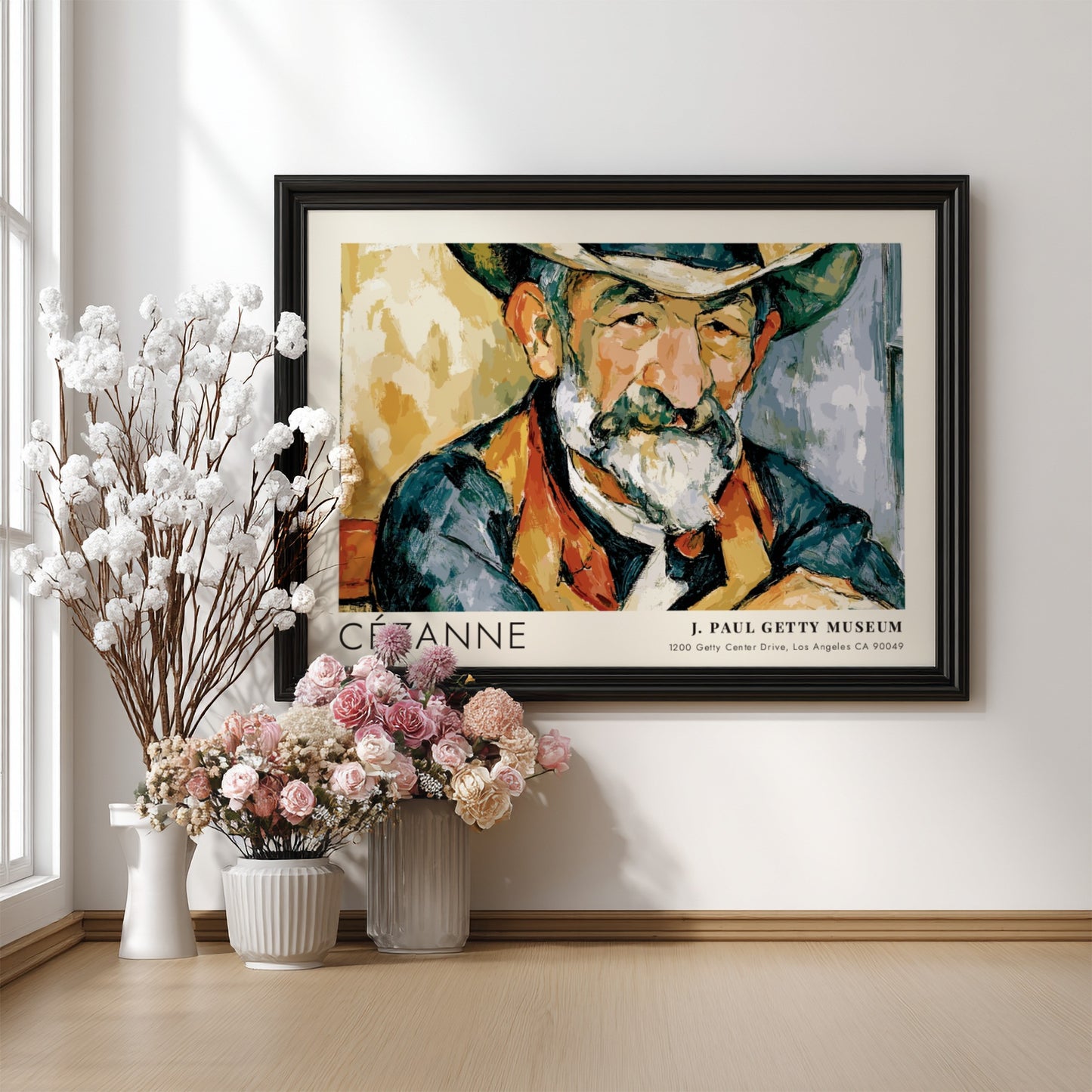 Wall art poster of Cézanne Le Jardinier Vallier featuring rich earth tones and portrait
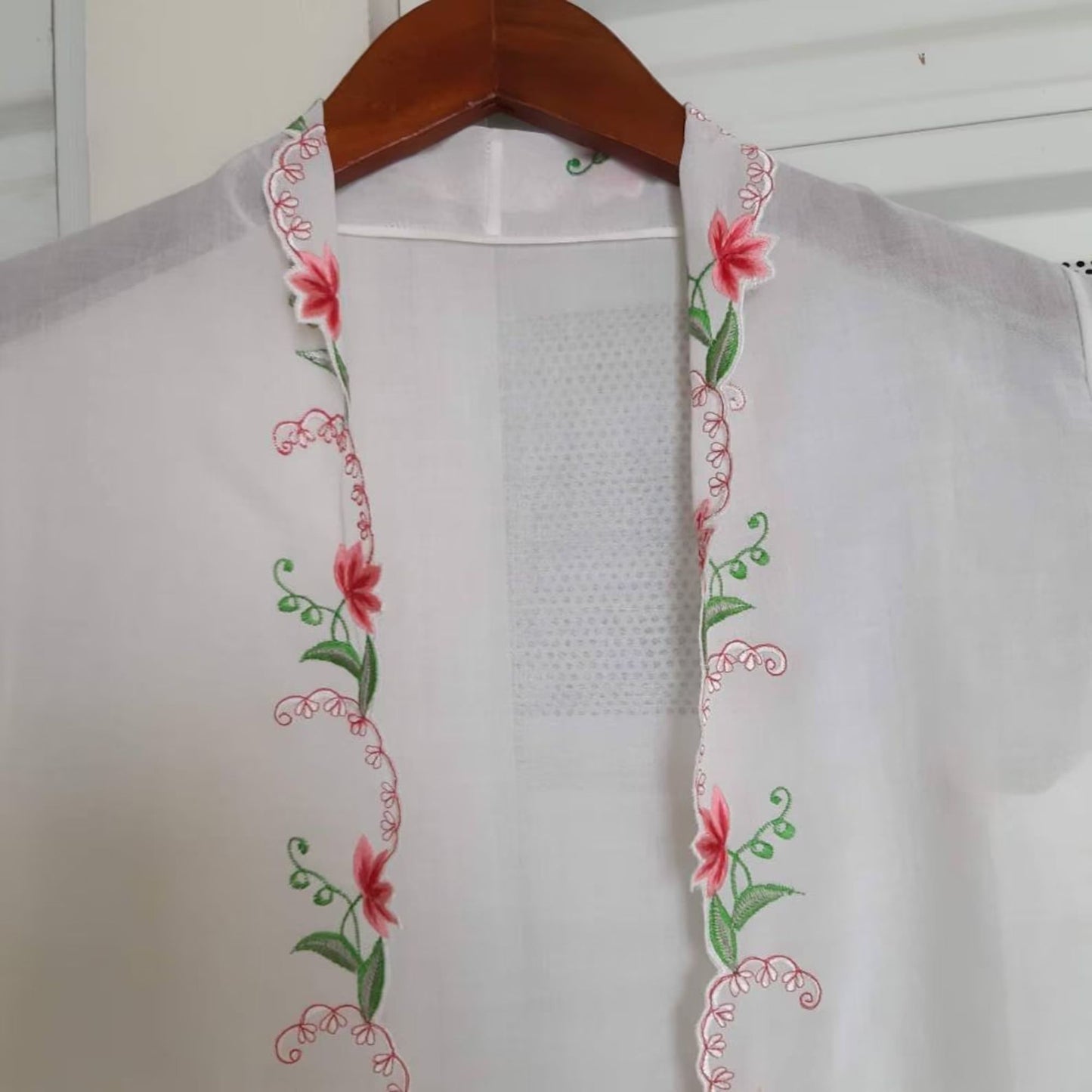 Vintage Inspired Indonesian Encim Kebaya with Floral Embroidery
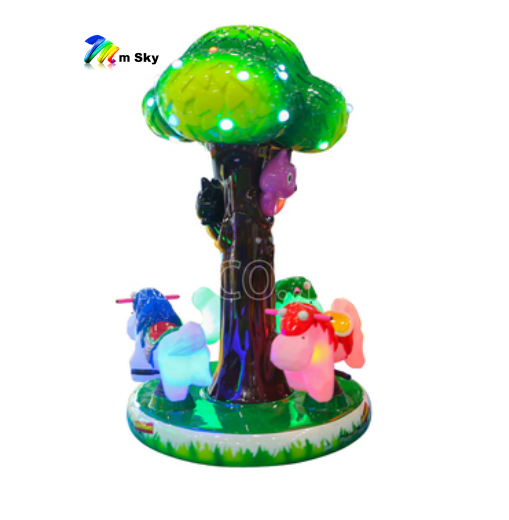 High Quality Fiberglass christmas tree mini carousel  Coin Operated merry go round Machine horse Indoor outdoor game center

▶ _DESCRIPTION OF THE TASK_
Quote the data exactly, leaving every image out of the copy.

▶ _ANSWER FOR THE TASK_
 Wall art poster of Cézanne Le Jardinier Vallier featuring rich earth tones and portrait
 Vintage Inspired Indonesian Encim Kebaya with Floral Embroidery
 High Quality Fiberglass christmas tree mini carousel  Coin Operated merry go round Machine horse Indoor outdoor game center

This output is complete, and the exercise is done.